- Map showing Bhitargaon (#567) in Khiron CD block
- Bhitargaon Location in Uttar Pradesh, India
- Coordinates: 26°17′53″N 80°58′21″E﻿ / ﻿26.298087°N 80.972506°E
- Country India: India
- State: Uttar Pradesh
- District: Raebareli

Area
- • Total: 13.181 km^{2} (5.089 sq mi)

Population (2011)
- • Total: 10,841
- • Density: 822.47/km^{2} (2,130.2/sq mi)

Languages
- • Official: Hindi
- Time zone: UTC+5:30 (IST)
- Vehicle registration: UP-35

= Bhitargaon, Raebareli =

Bhitargaon is a village in Khiron block of Rae Bareli district, Uttar Pradesh, India. Located some 14 km from Lalganj, the tehsil headquarters, Bhitargaon consists of several hamlets clustered together by the main Raebareli-Unnao road. As of 2011, it has a population of 10,841 people, in 1,976 households. The village has a temple to Anandi Devi. A mela called the Anandi-ka-Mela is also held in her honour annually on Chaitra Badi 8 and Jyaistha Sudi 2. The Anandiganj bazar in Bhitargaon hosts markets twice weekly, on Tuesdays and Fridays. The main trade is in cloth and vegetables.

==History==
The 1901 census recorded Bhitargaon's population as 4,198 people, including a Muslim minority of 517. The village was then divided into 10 mahals; 4 of them were held by Janwar zamindars and the rest were held in either imperfect pattidari or joint zamindari tenure by Brahmin, Kayasth, or Janwar landowners.

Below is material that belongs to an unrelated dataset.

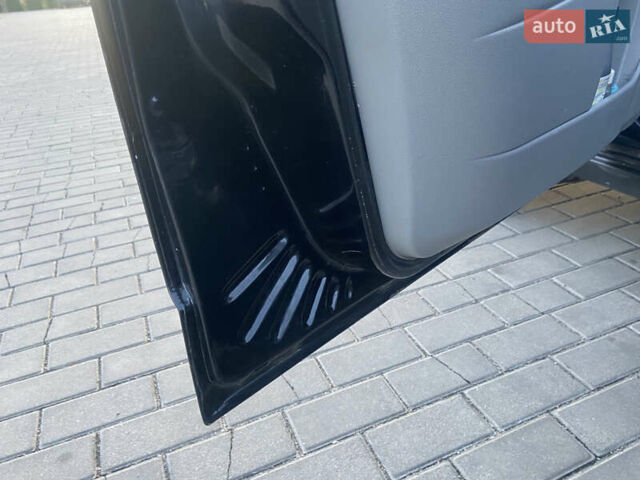 ВАЗ 2170 Priora 2007 у Монастырище на Automoto.ua Чорний ВАЗ 2170 Priora, об'ємом двигуна 1.6 л та пробігом 106 тис. км за 3200 $, фото 28 на Automoto.ua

The 1961 census recorded Bhitargaon as comprising 12 hamlets, with a total population of 4,715 people (2,419 male and 2,296 female), in 944 households and 864 physical houses. The area of the village was given as 3,231 acres and it had a post office and a grain mill at that point. Average attendance of the Anandi-ka-Mela was about 300 and attendance of the twice-weekly market was around 400.

The 1981 census recorded Bhitargaon as having a population of 6,407 people, in 1,224 households, and having an area of 1,307.56 hectares. The main staple foods were given as wheat and rice.

== Archaeology ==
During an archaeological survey of Raebareli district in the late 1990s, archaeologists D. P. Tewari and Anoop Kumar Singh found redware and brickbats at Bhitargaon, which they dated tentatively to the Gupta to early medieval period.